*EXERCISE*: Could you output the listing that follows exactly, without its images?

*PROVIDED MATERIAL*:
..............................
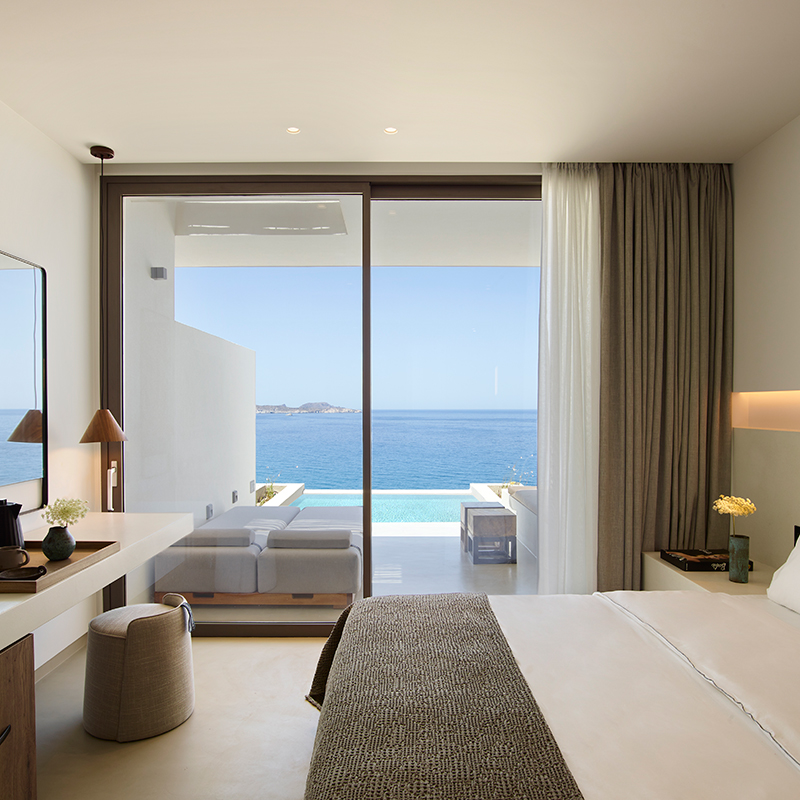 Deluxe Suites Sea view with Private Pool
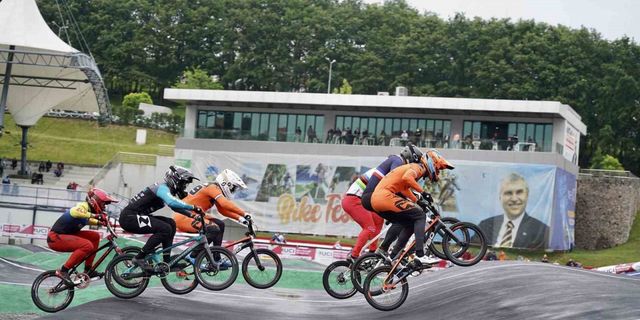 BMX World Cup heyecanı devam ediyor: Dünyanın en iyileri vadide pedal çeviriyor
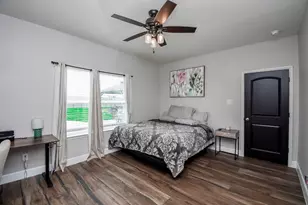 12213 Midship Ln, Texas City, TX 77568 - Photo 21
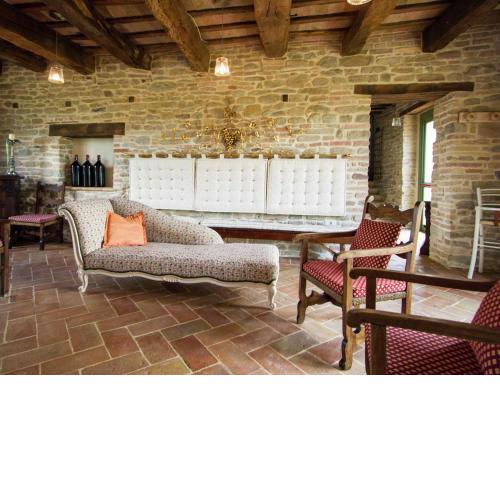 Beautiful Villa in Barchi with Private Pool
..............................
*OUTPUT BELOW*:
 Deluxe Suites Sea view with Private Pool
 BMX World Cup heyecanı devam ediyor: Dünyanın en iyileri vadide pedal çeviriyor
 12213 Midship Ln, Texas City, TX 77568 - Photo 21
 Beautiful Villa in Barchi with Private Pool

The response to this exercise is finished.